- A Câmara dos Deputados faz nesta terça-feira uma votação processual de um projeto de financiamento do governo para encerrar o shutdown parcial.
- O líder republicano, o presidente da Câmara Mike Johnson, precisa de apoio quase unânime entre os republicanos; pode perder apenas um voto com a presença total.
- A medida autoriza o funcionamento da maior parte do governo até 30 de setembro e do Departamento de Segurança Interna por duas semanas, enquanto se negocia mudanças para o ICE (U.S. Immigration and Customs Enforcement).
- O ex-presidente Donald Trump pediu que não haja mudanças no momento, afirmando pelas redes sociais que todos votem sim.
- Alguns republicanos resistem a incluir a lei SAVE, sobre comprovação de cidadania para voto; democratas devem votar favoravelmente apenas na medida final, não no processo inicial.

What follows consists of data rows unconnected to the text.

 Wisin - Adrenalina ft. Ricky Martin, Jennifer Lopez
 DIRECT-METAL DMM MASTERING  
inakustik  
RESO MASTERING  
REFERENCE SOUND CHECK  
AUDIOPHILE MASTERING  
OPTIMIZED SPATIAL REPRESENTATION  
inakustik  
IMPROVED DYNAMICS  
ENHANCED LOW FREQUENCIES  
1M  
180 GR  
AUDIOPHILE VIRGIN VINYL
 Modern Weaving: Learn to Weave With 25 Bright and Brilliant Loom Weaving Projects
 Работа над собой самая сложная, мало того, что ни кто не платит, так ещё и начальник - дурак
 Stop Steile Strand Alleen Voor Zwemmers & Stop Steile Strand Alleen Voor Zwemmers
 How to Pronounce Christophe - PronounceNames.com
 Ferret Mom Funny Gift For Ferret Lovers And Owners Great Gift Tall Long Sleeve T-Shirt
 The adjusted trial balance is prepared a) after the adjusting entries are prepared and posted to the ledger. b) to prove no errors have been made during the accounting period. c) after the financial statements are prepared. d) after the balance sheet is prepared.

O presidente da Câmara, Mike Johnson, precisará de apoio quase unânime de seus colegas republicanos para avançar com a votação processual de um projeto de lei que encerra parcialmente o shutdown. A medida visa manter a maior parte do governo funcionando até 30 de setembro e a proteção do Departamento de Segurança Interna por duas semanas, enquanto se discutem mudanças para a política de imigração.
O esforço ocorre numa sessão marcada por tensões internas e pela defesa de prioridades de diversos legisladores que ameaçam atrapalhar o andamento. Os aliados de Johnson atuam para reunir votos necessários, diante de vozes que prometem resistência caso suas pautas não sejam atendidas.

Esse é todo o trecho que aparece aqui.